After a few weeks of strutting around my parents’ room and the band room, I ventured into more public venues. The students crowding into the hallway outside my journalism classroom became the first unsuspecting victims of my newly discovered femme fatale. Even with a backpack encouraging gravity’s deterioration posture, I kept my body elevated. Quietly, I presented to the world my most womanly walk. I imagined nobody ever noticed the girl in the overalls with the green backpack subtly strutting down the hallway. I hoped nobody noticed. As much as I wanted to show the world my more feminine side, I would have been positively mortified if anyone had acknowledged my actions. Nevertheless, I continued introducing my estrogen-laden gait to my peers, casually strolling past them on my way to class.

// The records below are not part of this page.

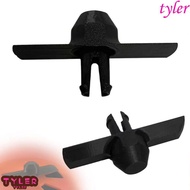 TYLER Agitator Replacement Kit, Plastic Material Extension Arm Broadcast Spreader Agitator, Easy Ins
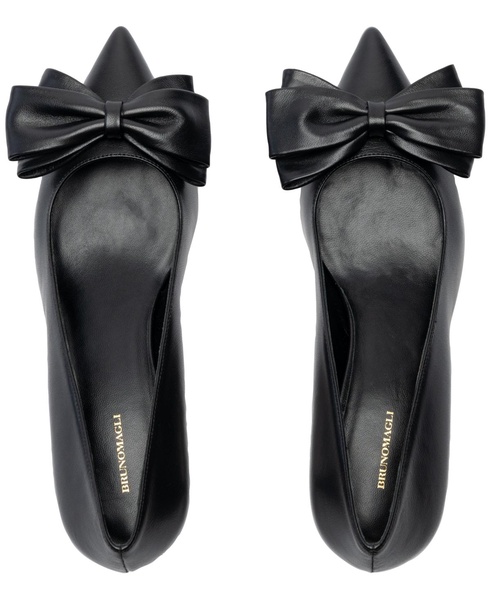 Women's Nadia Bow Pumps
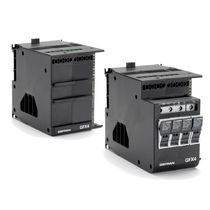 Regulador de potencia electrónico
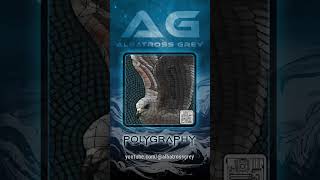 Albatross Grey  Polygraphy [upl. by Twyla393]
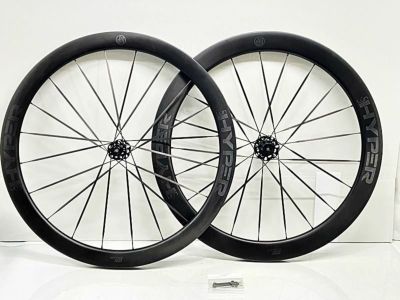 SHIMANO 105 WH-RS710-C46-TL チューブレス センターロック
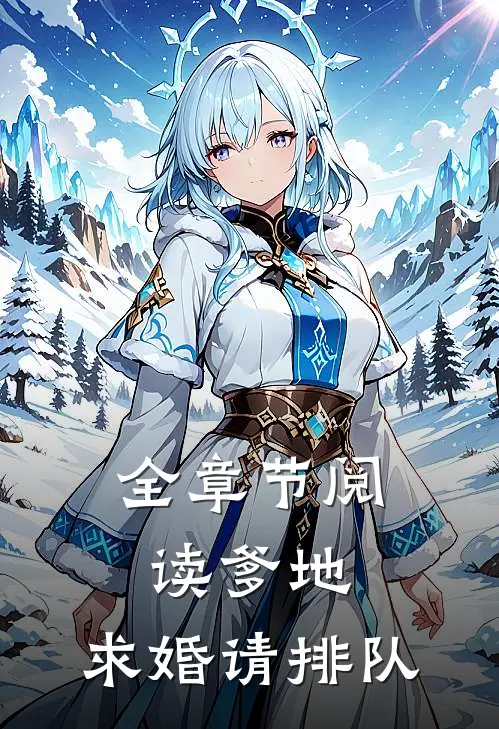 全章节阅读爹地，求婚请排队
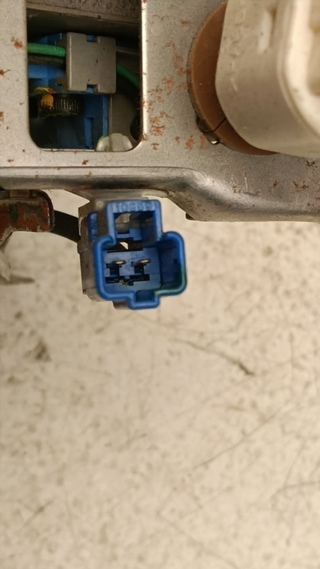 PEDAL FRENO TOYOTA AURIS (E18) 1AD 6LS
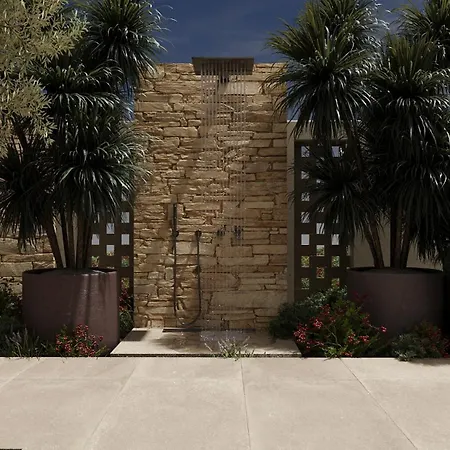 The Landmark & Villa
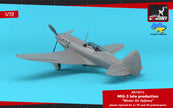 1/72 MiG-3 late production - 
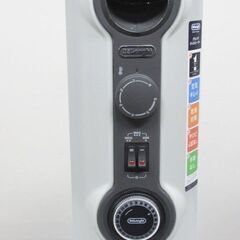デロンギ オイルヒーター HJ0812の画像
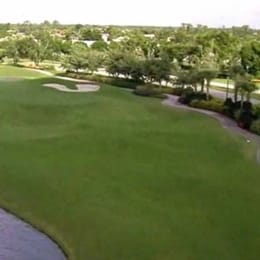 Boca West Country Club (Palmer III)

By the time opening night arrived, my stroll was nearly perfect. I still had trouble with it on stage because I only moved a few steps at a time, which greatly shortened my chance of finding the rhythm. While we were waiting for the curtain to rise, I paced backstage, trying desperately to hold a steady, teacher-like strut. More than the crowd or even my lines, I was terrified about my walk. Little Sarah took my hand. “You can do this,” she whispered. “Break a leg!”
“After all this work?!” I whispered back, feigning offense. The curtain began to rise, silencing any chance of a retort. Quietly, we walked on stage. I sat at my desk while Little Sarah moved to center stage for her opening monologue. The glaring, hot lights slowly lit up the stage, blinding my poor eyes that had become well-adjusted to the pitch black behind the curtain. The last thing I remember from every night of being onstage was trying my hardest to not squint, reeling back from the fluorescent dawn. Inhaling deeply, I no longer worried about how I walked. I worried about Raja. I worried about the Holocaust. I didn’t think about how Irena walked. I didn’t have to. She knew how to walk. She knew she was a woman.